What the task requires >> What is needed is an exact reproduction of the lines in the records below, starting at the line with "People enjoy their" and ending at the line with "Drone racer holding", both included, and nothing else; pictures stay out.

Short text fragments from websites

=====

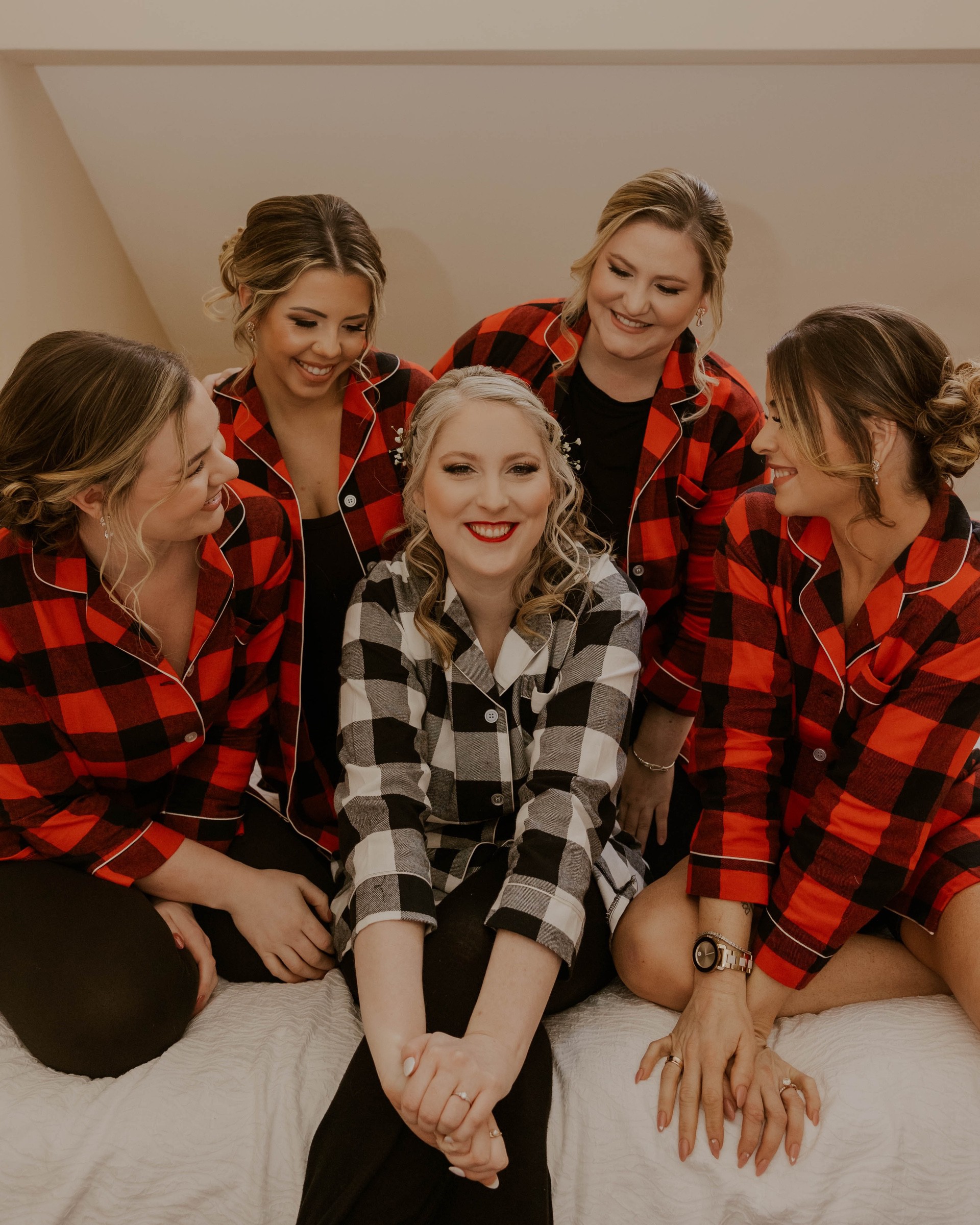 4 women in red buffalo plaid shirts sitting around a woman in a black and white buffalo plaid shirt
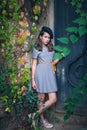 Cute teen girl in dress and black beret retro style look outdoor near old metal door and colorful creeper around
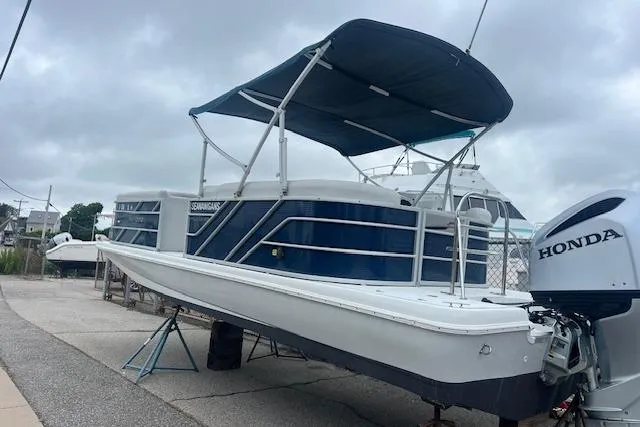 Slide: The Image of 2020 Hurricane FunDeck 236SB OB boat with canopy and Honda outboard motor. - 6
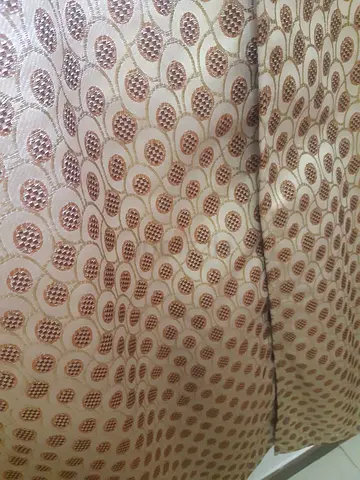 Beige patterned blackout curtains with hanging rods — pair in good condition
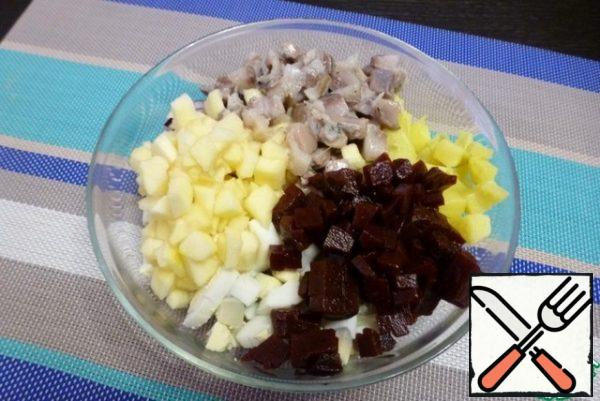 Cut the salted herring and pickled beetroot into cubes. Mix the slicing in one bowl.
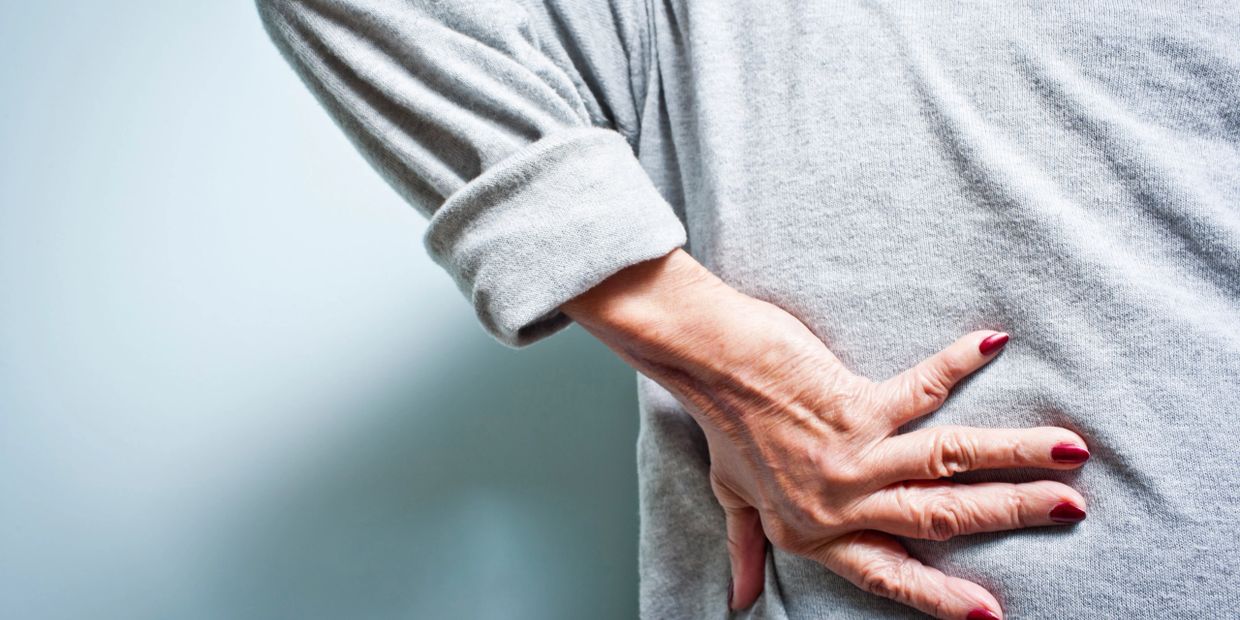 Person holding their lower back in pain, wearing a gray sweater.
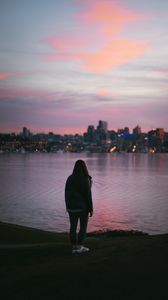 Preview wallpaper girl, loneliness, alone, city, sunset, water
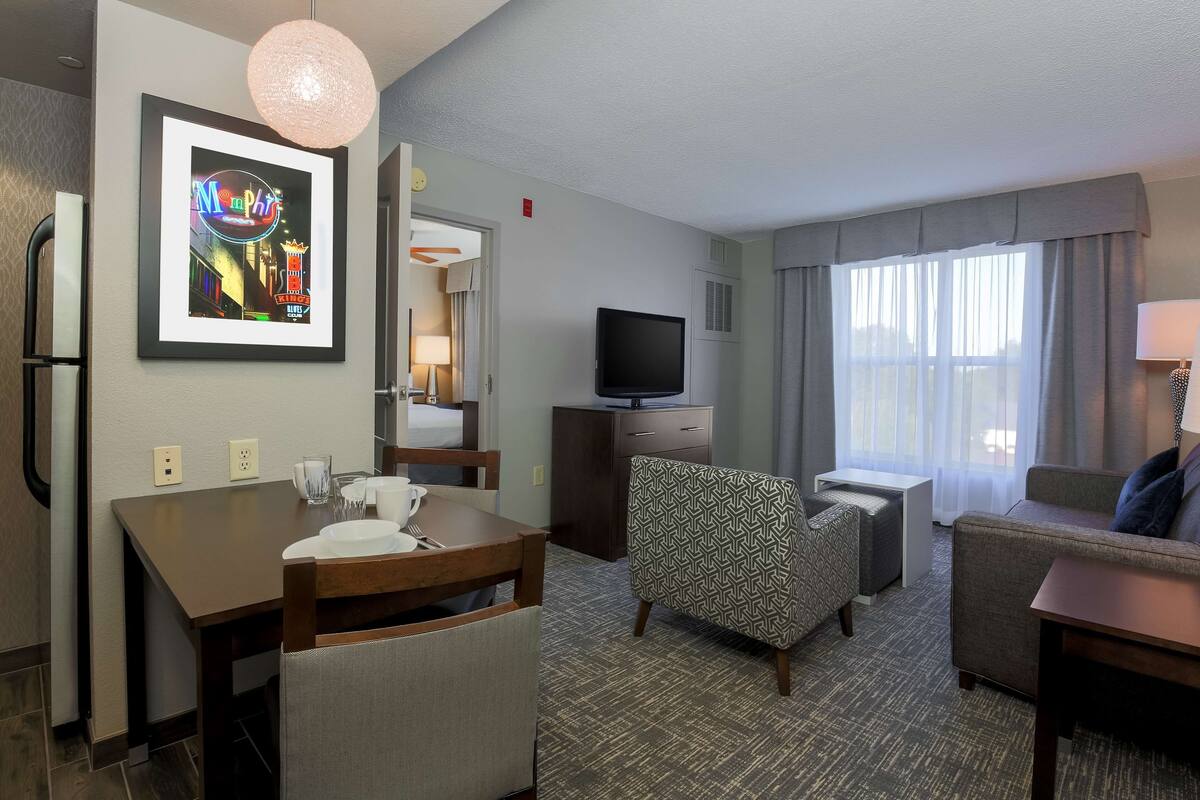 Habitación de hotel con comedor, sofá, sillón estampado, televisión y un amplio ventanal con cortinas.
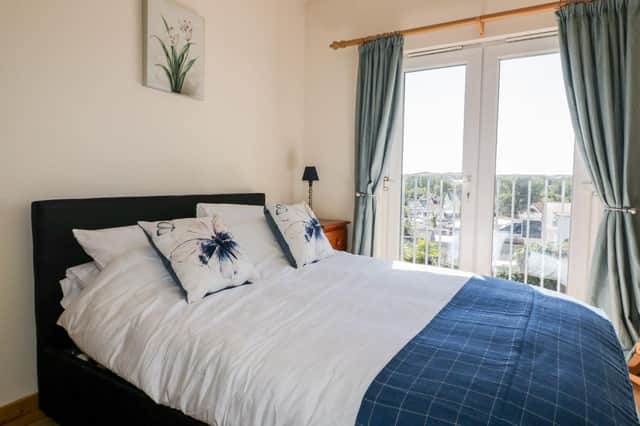 The spacious bedroom at 13 Palm View, Newquay. Available to book through Sykes Cottages.
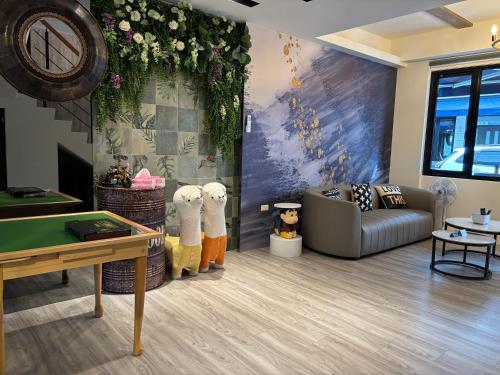 a living room with a pool table and a couch at Villa Ten - Catch up in Guilin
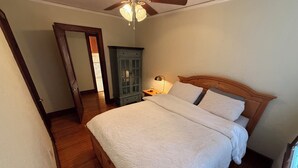Un dormitorio con una cama de madera, una mesita de noche, una lámpara, un ventilador de techo y un armario verde.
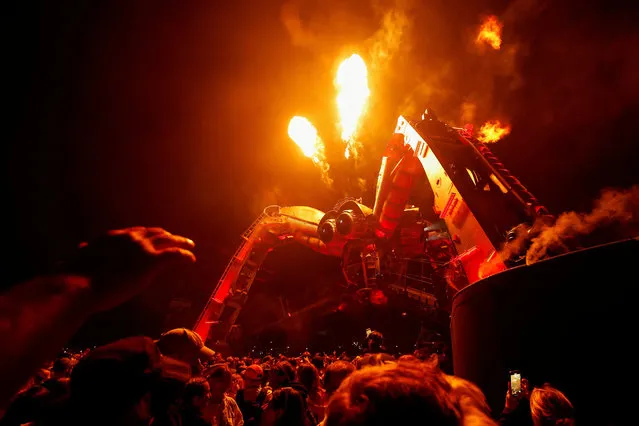 People enjoy their time near the Arcadia stage at the Glastonbury Festival site in Somerset, Britain on June 24, 2023. (Photo by Jason Cairnduff/Reuters)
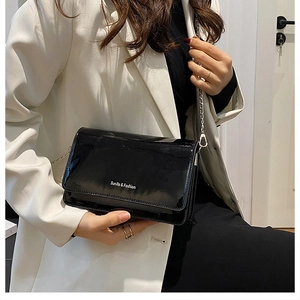 Detail of glossy black patent leather bag with silver chain strap on white blazer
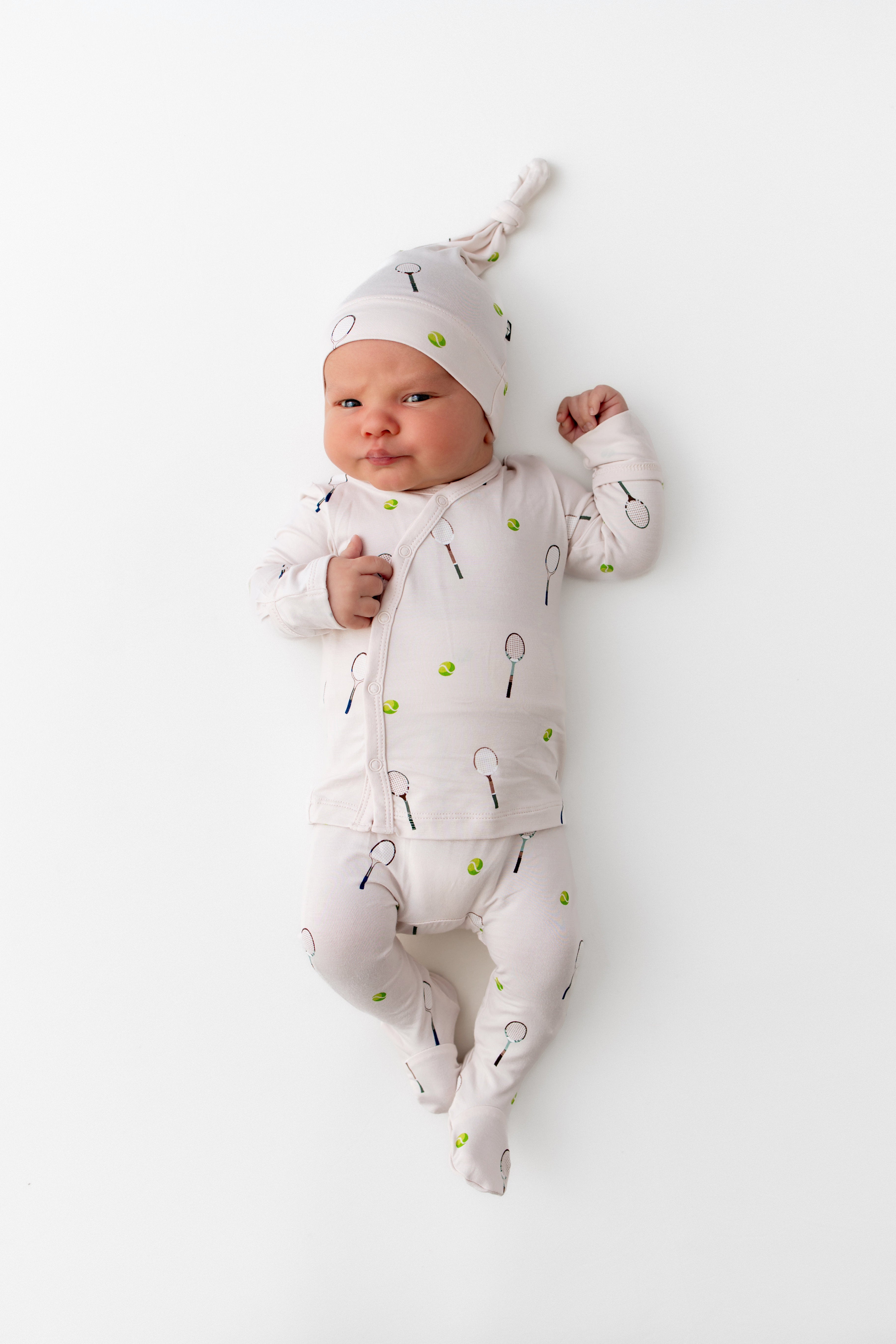 Baby in a white outfit with green tennis balls and black tennis rackets on a white background
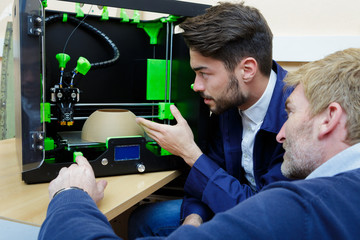 two male engineers working with 3d printer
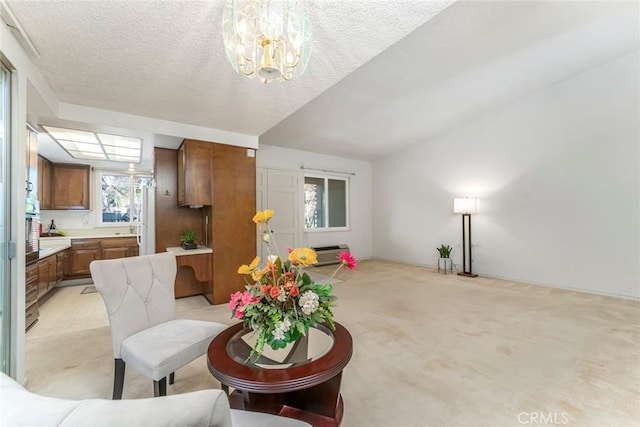 carpeted living room featuring a textured ceiling and an inviting chandelier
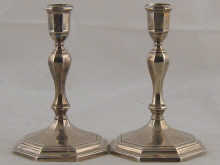 A pair of cast silver candlesticks 14f780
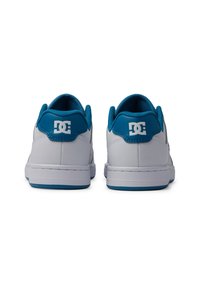 Vita sneakers med blå accenter, med en slät läderöverdel, vadderad tunga och texturerad krage. DC-logotyp synlig på hälen.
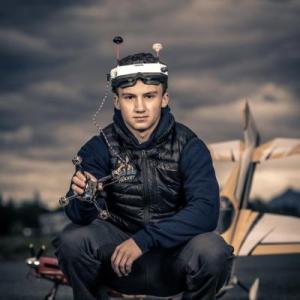 Drone racer holding quadcopter, wearing VR goggles, with blurred landscape backdrop.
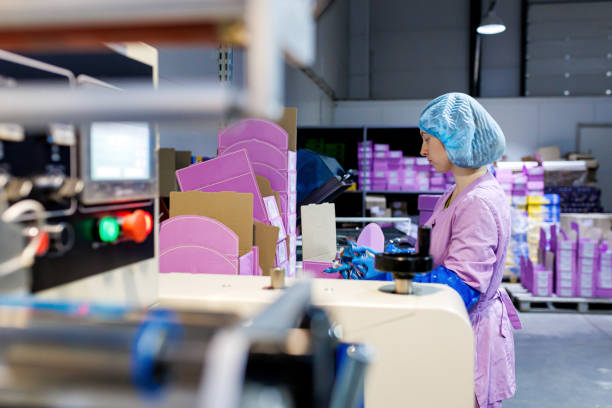 istock Professional female worker in uniform and protective gloves packed chocolate candies in boxes on production line at factory 1458801581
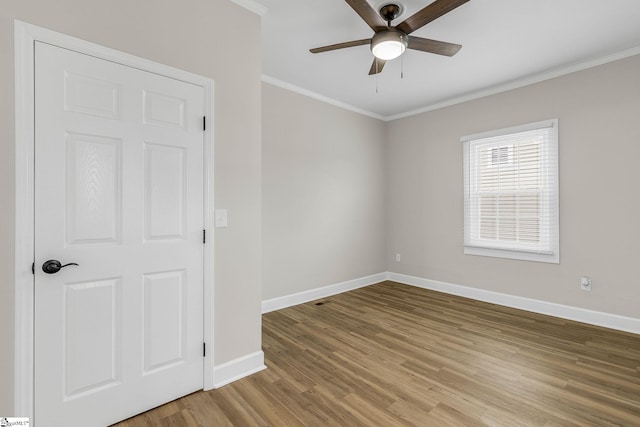 spare room featuring ornamental molding, wood-type flooring, and ceiling fan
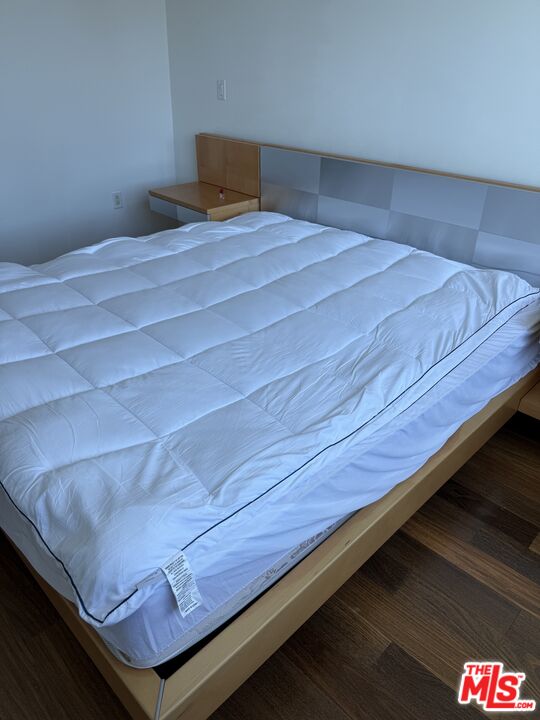 3785 Wilshire Boulevard, Unit 1504 Los Angeles, CA 90010 - Photo 6 of 9 a bedroom with a bed and dresser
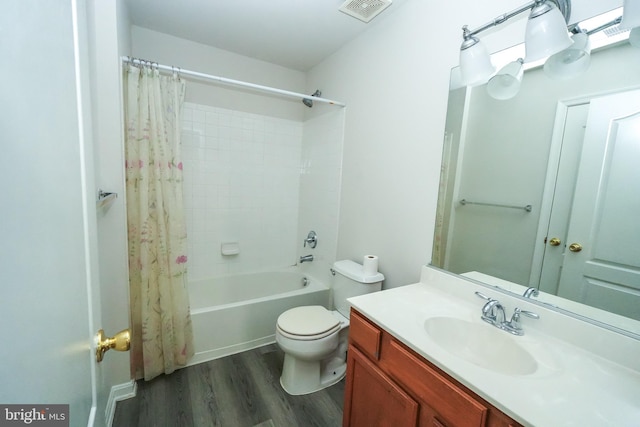 full bathroom with shower / bath combination with curtain, vanity, toilet, and hardwood / wood-style floors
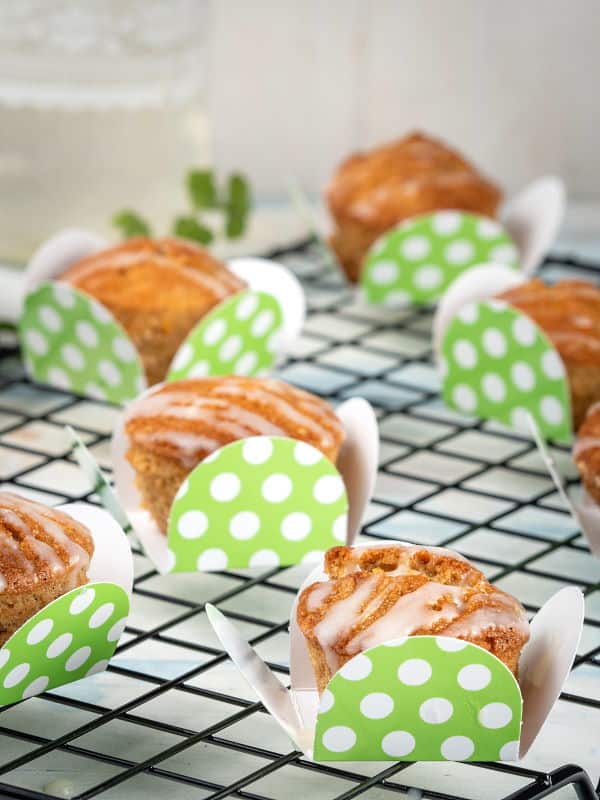 Gluten Free & Vegan Carrot Cupcakes on a wire rack and green polka dot packaging.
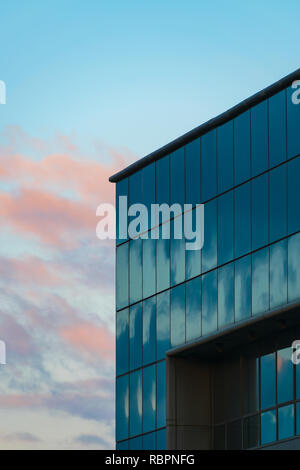 Modern building with curtain wall glass facade with cloudy sky reflections and background, black and white Stock Photo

=====

Result >>
 People enjoy their time near the Arcadia stage at the Glastonbury Festival site in Somerset, Britain on June 24, 2023. (Photo by Jason Cairnduff/Reuters)
 Detail of glossy black patent leather bag with silver chain strap on white blazer
 Baby in a white outfit with green tennis balls and black tennis rackets on a white background
 two male engineers working with 3d printer
 carpeted living room featuring a textured ceiling and an inviting chandelier
 A pair of cast silver candlesticks 14f780
 Vita sneakers med blå accenter, med en slät läderöverdel, vadderad tunga och texturerad krage. DC-logotyp synlig på hälen.
 Drone racer holding quadcopter, wearing VR goggles, with blurred landscape backdrop.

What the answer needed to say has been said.